Política

Cury tem aval para deixar SD e não corre risco de perder mandato, dizem lideranças

Os deputados Herculano Borges e Lucas de Lima, ambos do SD, afirmaram que o partido não vai pedir o mandato do vereador Eduardo Cury, que anunciou sua saída da legenda nesta terça-feira (06). “Já tínhamos dado o aval para ele sair e ele entregou o documento agora”, disse Herculano. Ele afirma que não há a […]

Mayara Bueno Publicado em 06/08/2019, às 11h32 - Atualizado às 13h23

Deputado Herculano Borges, SD, durante sessão na Assembleia Legislativa de MS. (Luciana Nassar, Assembleia Legislativa).
Deputado Herculano Borges, SD, durante sessão na Assembleia Legislativa de MS. (Luciana Nassar, Assembleia Legislativa). - Deputado Herculano Borges, SD, durante sessão na Assembleia Legislativa de MS. (Luciana Nassar, Assembleia Legislativa).

Os deputados Herculano Borges e Lucas de Lima, ambos do SD, afirmaram que o partido não vai pedir o mandato do vereador Eduardo Cury, que anunciou sua saída da legenda nesta terça-feira (06).

“Já tínhamos dado o aval para ele sair e ele entregou o documento agora”, disse Herculano.
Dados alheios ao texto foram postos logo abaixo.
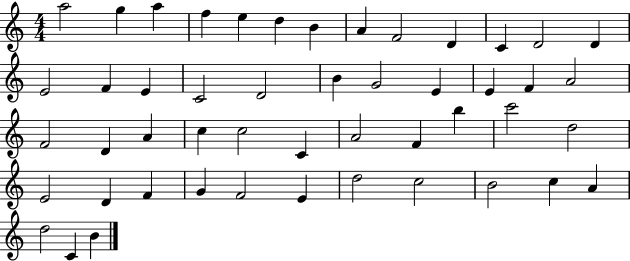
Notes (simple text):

Ele afirma que não há a intenção de prejudicar ninguém, por isso a escolha foi por não questionar a ruptura.

Via de regra, os partidos podem questionar judicialmente quando um integrante com mandato quer se desfiliar, alegando infidelidade partidária. A Justiça Eleitoral abre brecha para que isso ocorra na chamada janela partidária, que tem um período determinado e libera os parlamentar de fazerem trocas de legenda, sem risco da perda de mandato.

Não é o caso de Cury, que não esperou este prazo. Mas, para Herculano, o projeto do vereador não estava batendo com o do SD. “Não adianta colocar o Neymar no seu time se ele não quer jogar. Parece que o projeto pessoal dele não bate com o SD e o partido não vai entrar na Justiça, ele já foi liberado”.
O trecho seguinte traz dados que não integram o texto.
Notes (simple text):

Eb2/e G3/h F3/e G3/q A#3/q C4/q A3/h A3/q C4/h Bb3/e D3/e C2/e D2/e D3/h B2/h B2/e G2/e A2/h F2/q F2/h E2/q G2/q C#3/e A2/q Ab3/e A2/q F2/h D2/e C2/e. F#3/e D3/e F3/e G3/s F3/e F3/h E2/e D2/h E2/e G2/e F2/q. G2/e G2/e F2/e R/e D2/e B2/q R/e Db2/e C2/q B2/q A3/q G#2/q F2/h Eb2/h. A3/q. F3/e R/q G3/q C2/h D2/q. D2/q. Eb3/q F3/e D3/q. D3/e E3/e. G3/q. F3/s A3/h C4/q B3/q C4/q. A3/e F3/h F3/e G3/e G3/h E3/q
Cury tem aval para deixar SD e não corre risco de perder mandato, dizem lideranças
Lucas de Lima durante sessão na Câmara. (Izaiais Medeiros, Câmara Municipal/Arquivo).
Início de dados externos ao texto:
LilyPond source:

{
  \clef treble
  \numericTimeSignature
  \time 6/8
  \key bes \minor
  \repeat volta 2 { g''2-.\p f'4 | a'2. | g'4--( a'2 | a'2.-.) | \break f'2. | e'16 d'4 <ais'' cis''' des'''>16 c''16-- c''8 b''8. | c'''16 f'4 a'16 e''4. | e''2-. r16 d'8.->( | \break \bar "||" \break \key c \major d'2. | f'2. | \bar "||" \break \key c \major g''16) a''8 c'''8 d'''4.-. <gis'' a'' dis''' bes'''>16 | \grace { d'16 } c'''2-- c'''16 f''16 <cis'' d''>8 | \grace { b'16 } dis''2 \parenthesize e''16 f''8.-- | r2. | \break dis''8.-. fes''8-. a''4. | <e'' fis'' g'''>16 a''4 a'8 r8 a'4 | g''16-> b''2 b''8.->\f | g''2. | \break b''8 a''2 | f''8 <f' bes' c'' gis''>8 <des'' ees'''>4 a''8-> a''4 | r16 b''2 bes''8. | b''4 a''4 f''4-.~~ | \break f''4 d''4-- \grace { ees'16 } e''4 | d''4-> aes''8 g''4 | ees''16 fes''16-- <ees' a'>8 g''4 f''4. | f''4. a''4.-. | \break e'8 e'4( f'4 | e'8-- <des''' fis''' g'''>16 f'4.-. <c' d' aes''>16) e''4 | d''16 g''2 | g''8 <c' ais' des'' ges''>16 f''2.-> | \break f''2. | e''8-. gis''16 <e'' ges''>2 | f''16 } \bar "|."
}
O mesmo pensamento é compartilhado por Lucas de Lima, que preside a legenda em Campo Grande. “O partido de forma alguma vai pedir o mandato. Resolvemos dar a carta com o aval”.

Eduardo Cury, na manhã desta terça-feira, afirmou que não compactua com os pensamentos do então partido, presidido por Paulinho da Força, sindicalista e político brasileiro e também o atual presidente nacional da central sindical Força Sindical.

Por outro lado, o parlamentar tem inclinação pelos preceitos do presidente da República, Jair Bolsonaro, do PSL. Mesmo com proximidade de ideologia, a sigla não deve ser o destino de Cury que, por enquanto, fica ‘sem partido’.